What to do: Leave out the pictures and retype, exactly, the lines below from the line with "FL license plate 0635YI" up to and including the line with "BRILAGI - LED", nothing more.

Records to process:
Start of Block

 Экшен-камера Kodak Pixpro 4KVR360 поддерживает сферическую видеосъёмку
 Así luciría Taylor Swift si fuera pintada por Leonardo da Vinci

End of Block
Start of Block

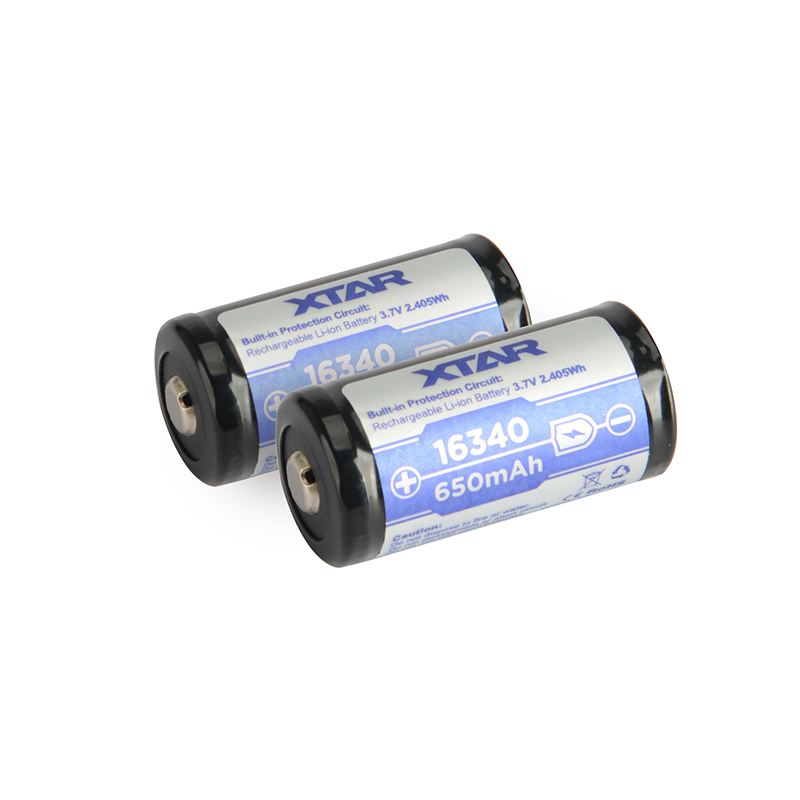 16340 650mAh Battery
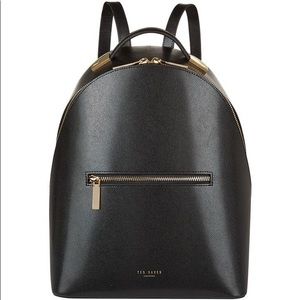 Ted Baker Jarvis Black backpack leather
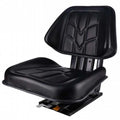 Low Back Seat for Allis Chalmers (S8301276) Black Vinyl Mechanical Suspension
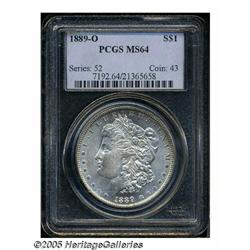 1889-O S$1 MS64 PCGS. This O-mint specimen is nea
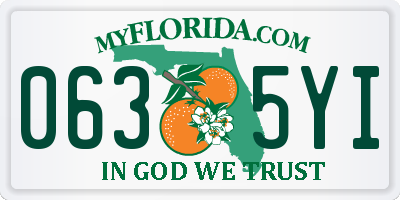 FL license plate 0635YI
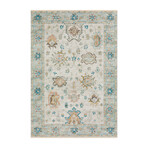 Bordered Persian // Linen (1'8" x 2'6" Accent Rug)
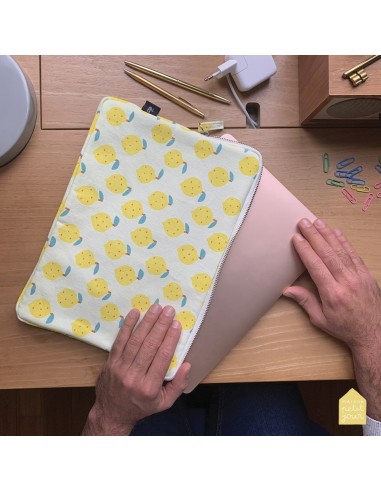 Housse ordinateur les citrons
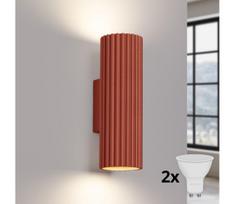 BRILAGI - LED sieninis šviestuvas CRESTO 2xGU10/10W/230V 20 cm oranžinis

End of Block

Solution:
 FL license plate 0635YI
 Bordered Persian // Linen (1'8" x 2'6" Accent Rug)
 Housse ordinateur les citrons
 BRILAGI - LED sieninis šviestuvas CRESTO 2xGU10/10W/230V 20 cm oranžinis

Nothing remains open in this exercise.